WORK TO BE COMPLETED —
All records below are to be duplicated exactly, with every picture excluded.
════════════════════
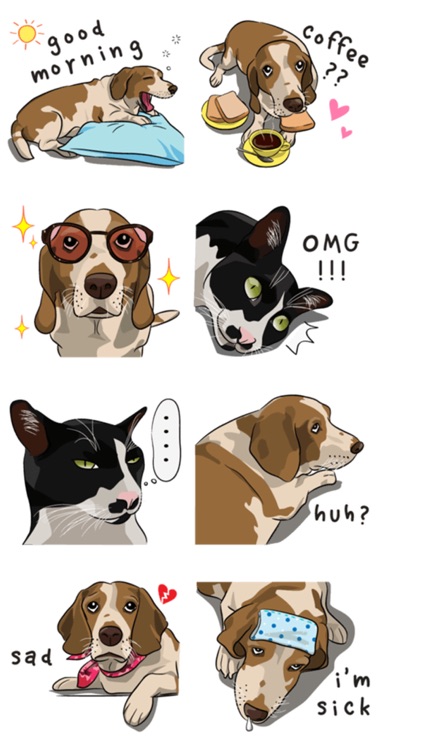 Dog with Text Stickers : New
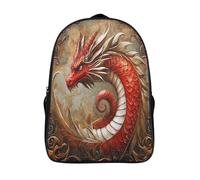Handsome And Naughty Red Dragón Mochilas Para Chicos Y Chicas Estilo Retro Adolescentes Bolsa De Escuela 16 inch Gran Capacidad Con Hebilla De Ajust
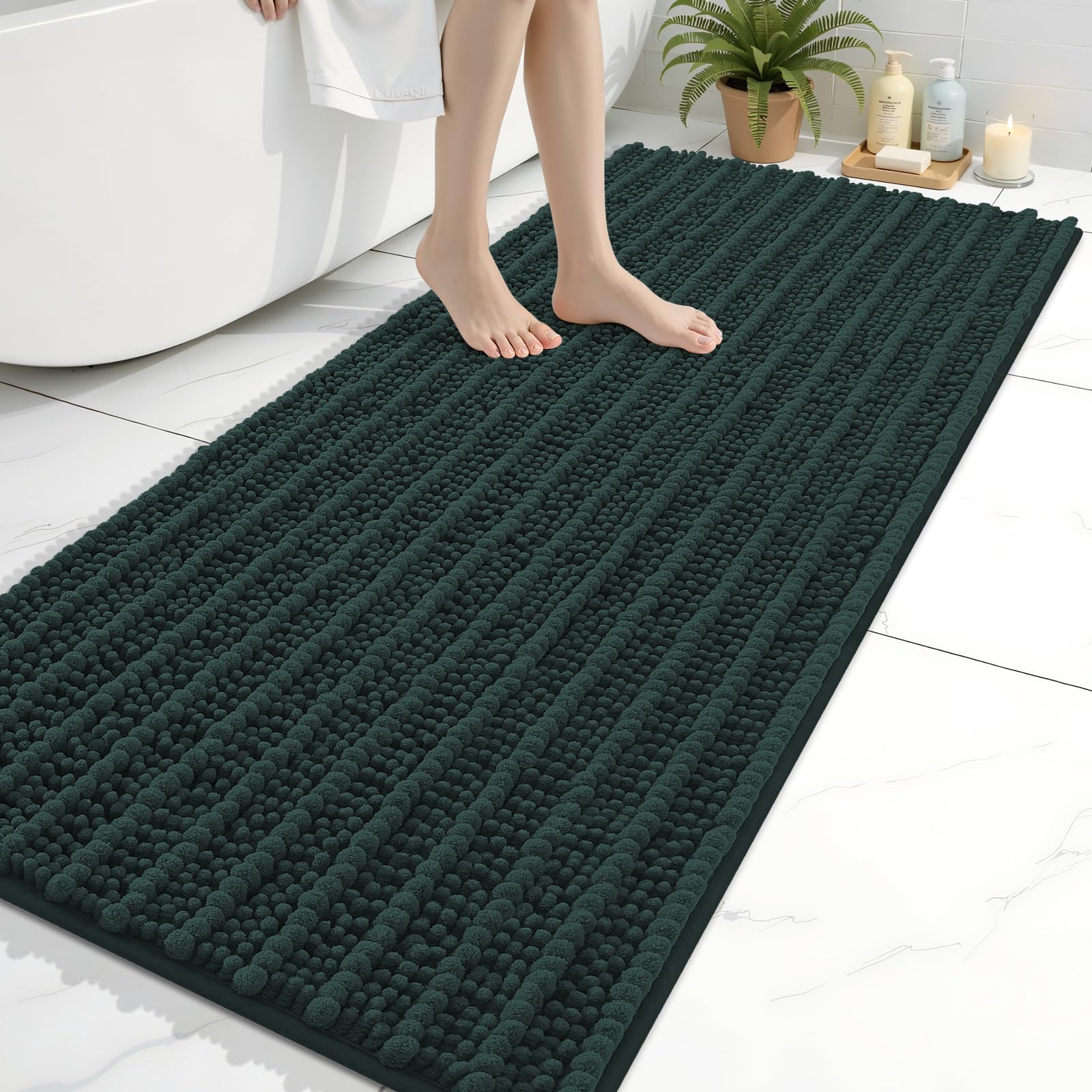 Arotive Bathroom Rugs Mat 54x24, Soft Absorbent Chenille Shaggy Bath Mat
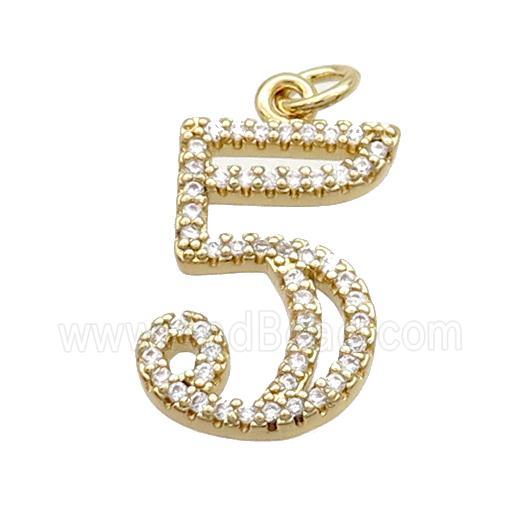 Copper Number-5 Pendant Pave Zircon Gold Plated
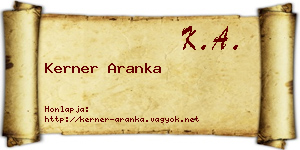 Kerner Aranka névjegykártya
════════════════════
WRITTEN RESPONSE —
 Dog with Text Stickers : New
Handsome And Naughty Red Dragón Mochilas Para Chicos Y Chicas Estilo Retro Adolescentes Bolsa De Escuela 16 inch Gran Capacidad Con Hebilla De Ajust
 Arotive Bathroom Rugs Mat 54x24, Soft Absorbent Chenille Shaggy Bath Mat
 Copper Number-5 Pendant Pave Zircon Gold Plated
 Kerner Aranka névjegykártya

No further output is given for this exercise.